The word "evangelical" gets thrown around a lot these days concerning various Christian groups. Some of the groups mentioned are honest-to-Jesus Bible-thumping hellfire-spouting missionary types, but some of them are just exceptionally conservative Christianists who go to church every Sunday, sit up straight, sing in the choir, and refrain from dancing or drinking. There's a difference, I think. Coming from the Carolina Bible Belt---and being related to a number of Southern Baptists and Republicans----I'd say there is a difference between those and, say, the Pentacostalists.
But I don't suppose it matters. I'm not going to tabulate and classify them; I'm just going to pray that more of them get the prodigious mess in their heads (where the words of Jesus get all mixed up with what their Daddies told them about taxes, capitalism, and the flag) sorted out so they don't keep yanking the country further down the path to dysfunction and dishonor.
There's some reason to believe that some of them are hearing the pleas (or that God is hearing the prayers) of some of their more centrist or even leftward-tilting brethren.

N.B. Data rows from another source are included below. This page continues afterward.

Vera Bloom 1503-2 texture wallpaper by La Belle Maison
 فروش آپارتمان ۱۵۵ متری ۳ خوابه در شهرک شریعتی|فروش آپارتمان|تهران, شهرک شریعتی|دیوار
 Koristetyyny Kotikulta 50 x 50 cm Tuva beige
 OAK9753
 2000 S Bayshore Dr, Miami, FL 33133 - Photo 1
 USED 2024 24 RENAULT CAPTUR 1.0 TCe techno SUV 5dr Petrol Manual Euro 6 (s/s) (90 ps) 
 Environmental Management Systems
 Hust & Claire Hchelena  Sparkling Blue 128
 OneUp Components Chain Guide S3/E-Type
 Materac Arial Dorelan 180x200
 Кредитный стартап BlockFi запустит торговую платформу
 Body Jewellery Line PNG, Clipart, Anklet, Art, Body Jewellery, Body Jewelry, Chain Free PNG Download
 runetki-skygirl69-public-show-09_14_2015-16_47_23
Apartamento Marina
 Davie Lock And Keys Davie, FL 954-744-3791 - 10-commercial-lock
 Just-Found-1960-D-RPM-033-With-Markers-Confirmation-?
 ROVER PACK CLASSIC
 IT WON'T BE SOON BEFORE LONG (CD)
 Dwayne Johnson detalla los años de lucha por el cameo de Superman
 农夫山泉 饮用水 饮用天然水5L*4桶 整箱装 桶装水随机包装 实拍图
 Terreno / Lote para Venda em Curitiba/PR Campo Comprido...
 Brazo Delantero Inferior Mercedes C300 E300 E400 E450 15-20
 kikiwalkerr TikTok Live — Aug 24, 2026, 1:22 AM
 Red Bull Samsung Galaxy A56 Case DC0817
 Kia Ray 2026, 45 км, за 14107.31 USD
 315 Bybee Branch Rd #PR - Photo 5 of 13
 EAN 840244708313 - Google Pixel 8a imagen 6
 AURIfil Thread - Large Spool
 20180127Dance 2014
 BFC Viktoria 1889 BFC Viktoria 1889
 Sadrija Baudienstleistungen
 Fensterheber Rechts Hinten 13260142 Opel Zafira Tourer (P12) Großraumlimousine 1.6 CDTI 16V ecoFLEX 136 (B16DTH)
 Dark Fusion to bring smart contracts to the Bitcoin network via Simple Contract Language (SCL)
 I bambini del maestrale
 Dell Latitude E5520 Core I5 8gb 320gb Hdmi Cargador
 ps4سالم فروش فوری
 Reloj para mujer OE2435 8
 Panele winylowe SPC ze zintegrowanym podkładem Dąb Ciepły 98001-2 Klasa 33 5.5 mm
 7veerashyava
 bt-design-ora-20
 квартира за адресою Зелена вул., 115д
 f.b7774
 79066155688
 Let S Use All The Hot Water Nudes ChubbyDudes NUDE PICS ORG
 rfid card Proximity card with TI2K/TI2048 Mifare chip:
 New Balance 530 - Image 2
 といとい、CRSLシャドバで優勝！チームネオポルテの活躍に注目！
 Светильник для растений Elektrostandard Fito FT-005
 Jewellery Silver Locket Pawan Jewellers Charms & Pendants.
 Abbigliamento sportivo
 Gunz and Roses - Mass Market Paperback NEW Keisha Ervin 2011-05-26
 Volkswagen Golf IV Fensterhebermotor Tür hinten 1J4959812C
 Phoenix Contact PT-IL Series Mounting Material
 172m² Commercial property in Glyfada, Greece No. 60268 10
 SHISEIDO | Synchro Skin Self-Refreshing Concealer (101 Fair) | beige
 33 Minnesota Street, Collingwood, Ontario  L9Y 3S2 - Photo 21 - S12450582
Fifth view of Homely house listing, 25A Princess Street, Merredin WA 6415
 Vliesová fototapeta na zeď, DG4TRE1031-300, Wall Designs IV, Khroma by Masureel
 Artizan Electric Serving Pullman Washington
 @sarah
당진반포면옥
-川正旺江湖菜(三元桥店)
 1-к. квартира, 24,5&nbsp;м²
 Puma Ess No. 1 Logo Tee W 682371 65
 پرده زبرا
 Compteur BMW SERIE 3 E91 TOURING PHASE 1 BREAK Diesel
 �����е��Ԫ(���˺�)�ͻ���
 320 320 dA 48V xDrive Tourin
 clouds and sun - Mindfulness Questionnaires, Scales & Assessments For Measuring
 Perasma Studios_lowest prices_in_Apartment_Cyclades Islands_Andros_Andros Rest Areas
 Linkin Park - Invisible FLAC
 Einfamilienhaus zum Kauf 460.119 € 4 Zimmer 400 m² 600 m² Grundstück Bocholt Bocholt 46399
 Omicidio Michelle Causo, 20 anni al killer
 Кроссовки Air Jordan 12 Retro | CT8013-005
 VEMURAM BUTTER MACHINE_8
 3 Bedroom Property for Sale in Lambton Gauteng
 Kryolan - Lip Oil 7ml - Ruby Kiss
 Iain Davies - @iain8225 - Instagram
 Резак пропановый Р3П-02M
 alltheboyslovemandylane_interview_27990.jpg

The National Association of Evangelicals, representing roughly 45,000 churches across the U.S. endorsed on Tuesday a declaration against torture put together by Evangelicals for Human Rights – an organization of 17 evangelical scholars – in a striking break from the Bush Administration's policy.
"Tragically, documented cases of torture and inhumane and cruel behaviour have occurred at various sites in the war on terror, and current law opens procedural loopholes for more to continue," the evangelicals' statement declares.